What you are asked to do:
Find the line that contains "Construction Executive Magazine"; please output it and each line after it, exactly as shown, up to the end of the entries below, skipping pictures.

[Brief descriptive captions]
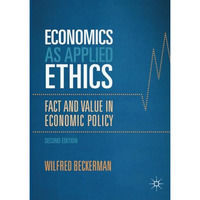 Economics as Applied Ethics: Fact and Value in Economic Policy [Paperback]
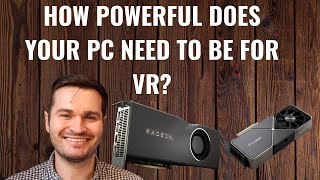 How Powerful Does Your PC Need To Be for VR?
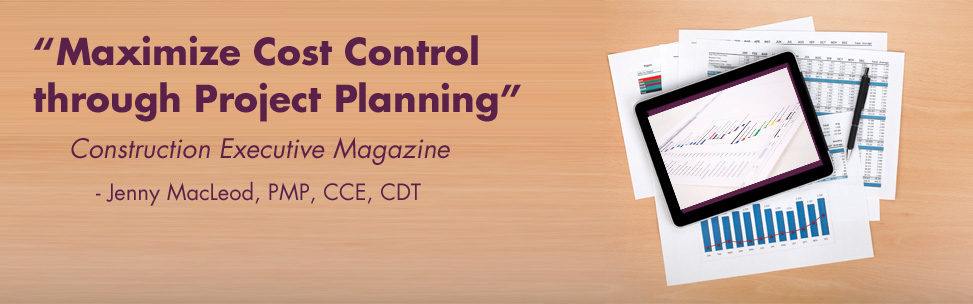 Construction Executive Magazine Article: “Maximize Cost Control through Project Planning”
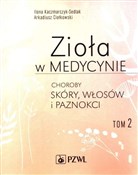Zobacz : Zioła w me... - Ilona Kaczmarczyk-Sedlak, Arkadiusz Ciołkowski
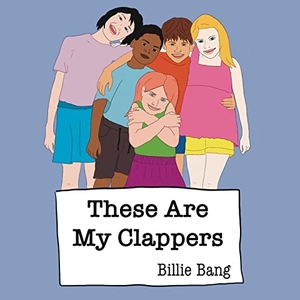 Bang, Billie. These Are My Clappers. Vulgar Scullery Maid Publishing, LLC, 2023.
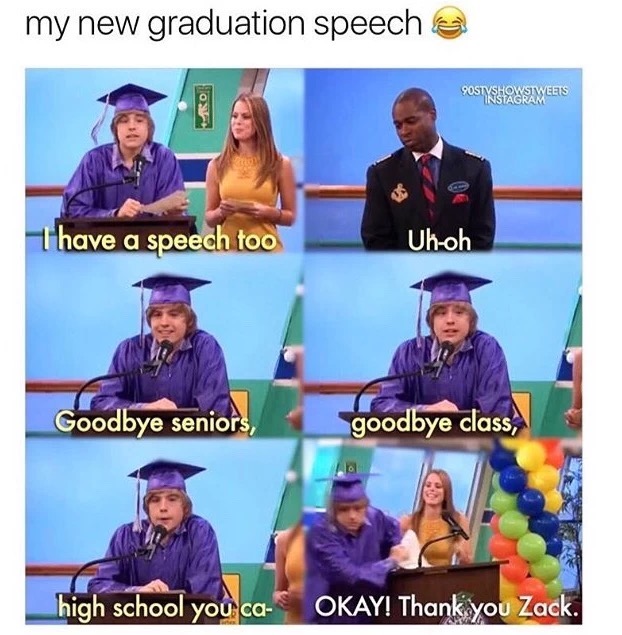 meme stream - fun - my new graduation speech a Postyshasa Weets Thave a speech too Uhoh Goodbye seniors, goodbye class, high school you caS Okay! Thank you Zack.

Exercise answer:
 Construction Executive Magazine Article: “Maximize Cost Control through Project Planning”
Zobacz : Zioła w me... - Ilona Kaczmarczyk-Sedlak, Arkadiusz Ciołkowski
 Bang, Billie. These Are My Clappers. Vulgar Scullery Maid Publishing, LLC, 2023.
 meme stream - fun - my new graduation speech a Postyshasa Weets Thave a speech too Uhoh Goodbye seniors, goodbye class, high school you caS Okay! Thank you Zack.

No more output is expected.